• **Task instructions**
Restate every line of the data word for word, except for the images.

[Short web captions]
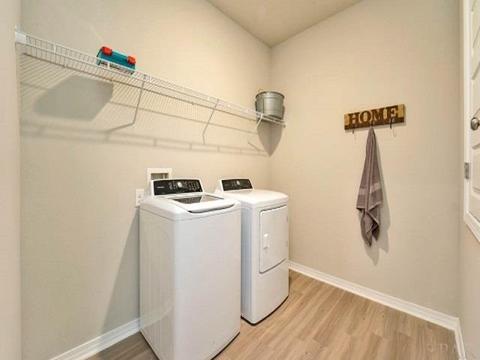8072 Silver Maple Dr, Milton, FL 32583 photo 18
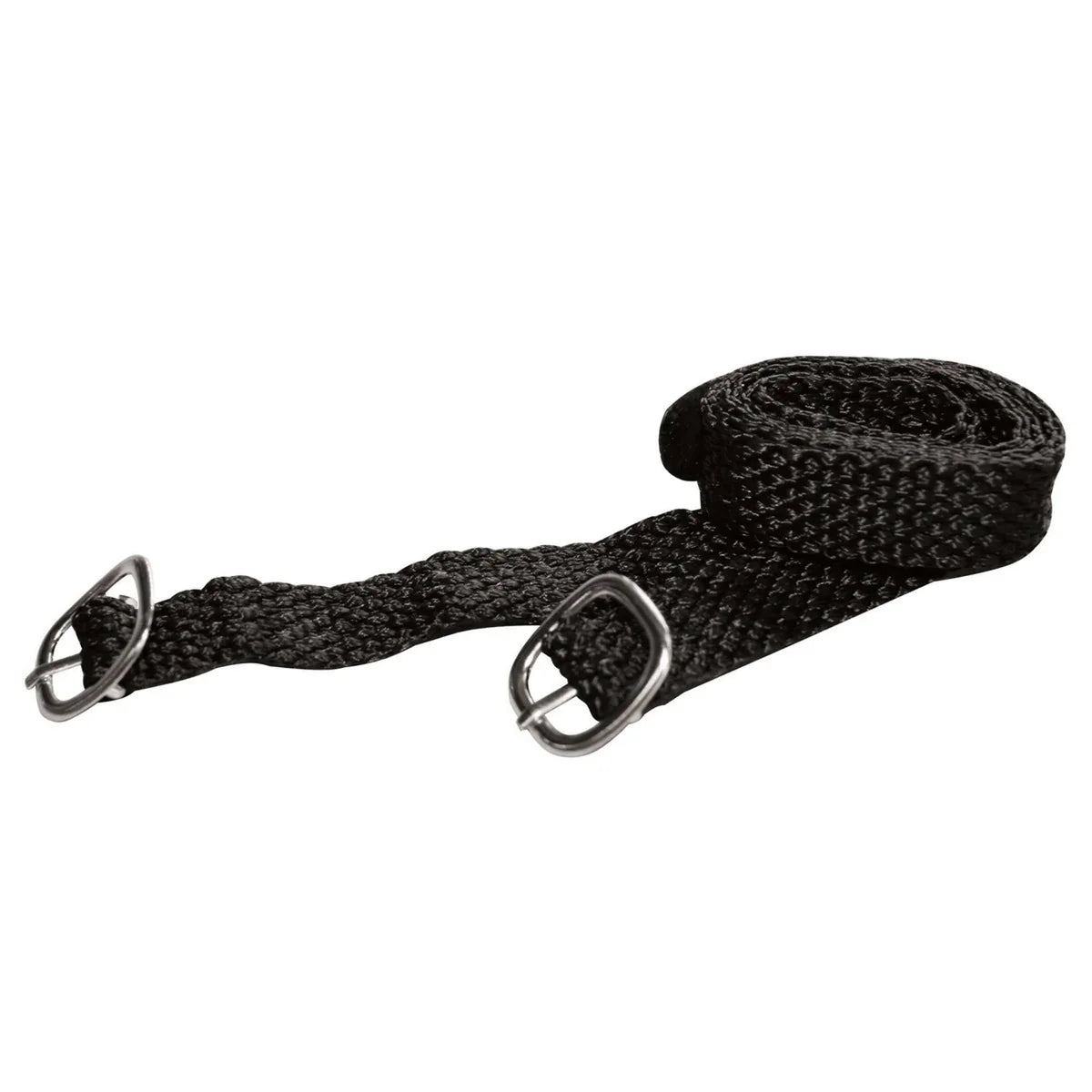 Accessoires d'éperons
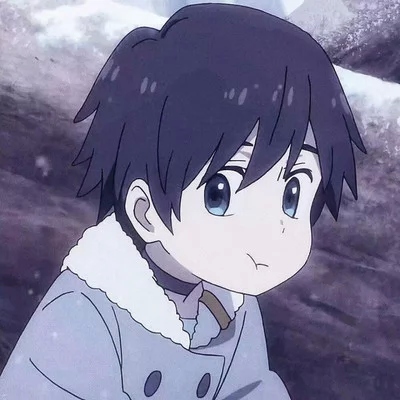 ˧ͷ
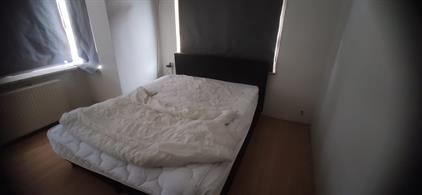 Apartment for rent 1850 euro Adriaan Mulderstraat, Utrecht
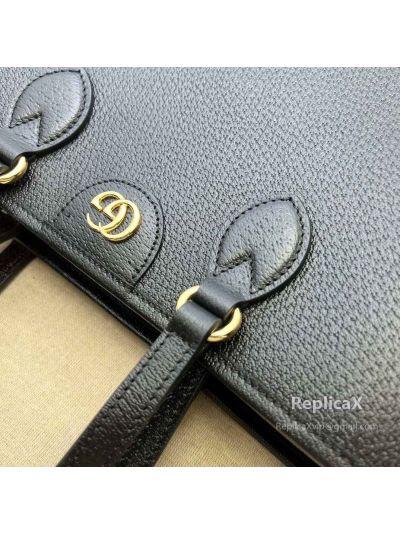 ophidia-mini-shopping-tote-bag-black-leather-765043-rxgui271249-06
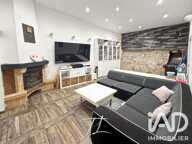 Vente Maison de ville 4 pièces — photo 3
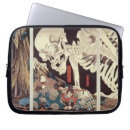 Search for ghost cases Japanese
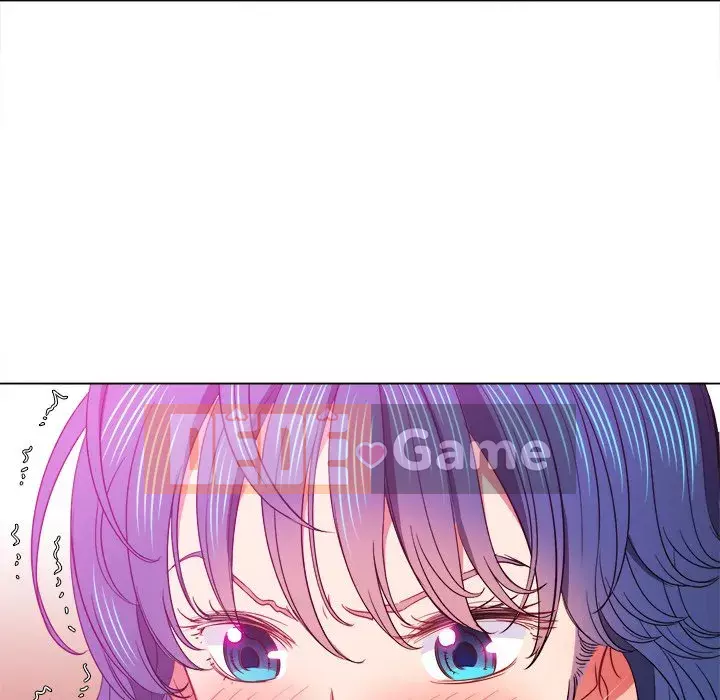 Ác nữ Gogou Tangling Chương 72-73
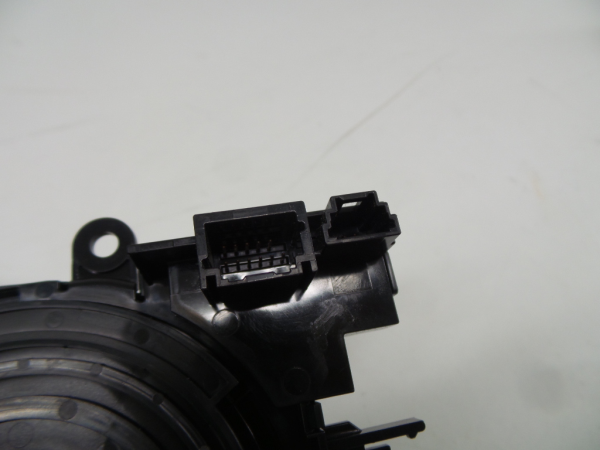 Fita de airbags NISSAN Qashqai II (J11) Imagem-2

• **Reply to the task**
8072 Silver Maple Dr, Milton, FL 32583 photo 18
 Accessoires d'éperons
 ˧ͷ
 Apartment for rent 1850 euro Adriaan Mulderstraat, Utrecht
 ophidia-mini-shopping-tote-bag-black-leather-765043-rxgui271249-06
 Vente Maison de ville 4 pièces — photo 3
 Search for ghost cases Japanese
 Ác nữ Gogou Tangling Chương 72-73
 Fita de airbags NISSAN Qashqai II (J11) Imagem-2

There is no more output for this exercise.